Stored data START

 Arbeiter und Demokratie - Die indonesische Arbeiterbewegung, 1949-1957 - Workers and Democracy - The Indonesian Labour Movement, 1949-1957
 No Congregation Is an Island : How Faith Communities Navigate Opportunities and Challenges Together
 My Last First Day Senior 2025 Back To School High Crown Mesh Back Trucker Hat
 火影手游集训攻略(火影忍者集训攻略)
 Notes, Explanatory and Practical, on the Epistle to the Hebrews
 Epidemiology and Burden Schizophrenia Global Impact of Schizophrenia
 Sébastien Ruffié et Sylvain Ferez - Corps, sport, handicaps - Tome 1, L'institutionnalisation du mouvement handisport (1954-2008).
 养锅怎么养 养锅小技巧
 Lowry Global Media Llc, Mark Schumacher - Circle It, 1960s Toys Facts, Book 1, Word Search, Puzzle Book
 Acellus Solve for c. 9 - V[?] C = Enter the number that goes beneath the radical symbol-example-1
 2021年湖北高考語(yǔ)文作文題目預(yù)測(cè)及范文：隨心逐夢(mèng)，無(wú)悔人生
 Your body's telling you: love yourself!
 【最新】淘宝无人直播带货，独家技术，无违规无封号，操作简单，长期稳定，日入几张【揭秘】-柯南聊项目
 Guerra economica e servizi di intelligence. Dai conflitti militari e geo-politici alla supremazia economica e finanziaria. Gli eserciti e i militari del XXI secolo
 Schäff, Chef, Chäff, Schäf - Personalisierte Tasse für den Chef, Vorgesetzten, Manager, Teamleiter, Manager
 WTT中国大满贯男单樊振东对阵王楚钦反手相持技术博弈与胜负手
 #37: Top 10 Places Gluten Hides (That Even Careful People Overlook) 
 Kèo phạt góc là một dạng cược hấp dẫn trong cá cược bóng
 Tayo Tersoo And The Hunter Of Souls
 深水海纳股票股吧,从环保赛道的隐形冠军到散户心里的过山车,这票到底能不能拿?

Stored data END

Instructions for the task: Whatever the entries above contain, reproduce all of them exactly.

Answer:
 Arbeiter und Demokratie - Die indonesische Arbeiterbewegung, 1949-1957 - Workers and Democracy - The Indonesian Labour Movement, 1949-1957
 No Congregation Is an Island : How Faith Communities Navigate Opportunities and Challenges Together
 My Last First Day Senior 2025 Back To School High Crown Mesh Back Trucker Hat
 火影手游集训攻略(火影忍者集训攻略)
 Notes, Explanatory and Practical, on the Epistle to the Hebrews
 Epidemiology and Burden Schizophrenia Global Impact of Schizophrenia
 Sébastien Ruffié et Sylvain Ferez - Corps, sport, handicaps - Tome 1, L'institutionnalisation du mouvement handisport (1954-2008).
 养锅怎么养 养锅小技巧
 Lowry Global Media Llc, Mark Schumacher - Circle It, 1960s Toys Facts, Book 1, Word Search, Puzzle Book
 Acellus Solve for c. 9 - V[?] C = Enter the number that goes beneath the radical symbol-example-1
 2021年湖北高考語(yǔ)文作文題目預(yù)測(cè)及范文：隨心逐夢(mèng)，無(wú)悔人生
 Your body's telling you: love yourself!
 【最新】淘宝无人直播带货，独家技术，无违规无封号，操作简单，长期稳定，日入几张【揭秘】-柯南聊项目
 Guerra economica e servizi di intelligence. Dai conflitti militari e geo-politici alla supremazia economica e finanziaria. Gli eserciti e i militari del XXI secolo
 Schäff, Chef, Chäff, Schäf - Personalisierte Tasse für den Chef, Vorgesetzten, Manager, Teamleiter, Manager
 WTT中国大满贯男单樊振东对阵王楚钦反手相持技术博弈与胜负手
 #37: Top 10 Places Gluten Hides (That Even Careful People Overlook) 
 Kèo phạt góc là một dạng cược hấp dẫn trong cá cược bóng
 Tayo Tersoo And The Hunter Of Souls
 深水海纳股票股吧,从环保赛道的隐形冠军到散户心里的过山车,这票到底能不能拿?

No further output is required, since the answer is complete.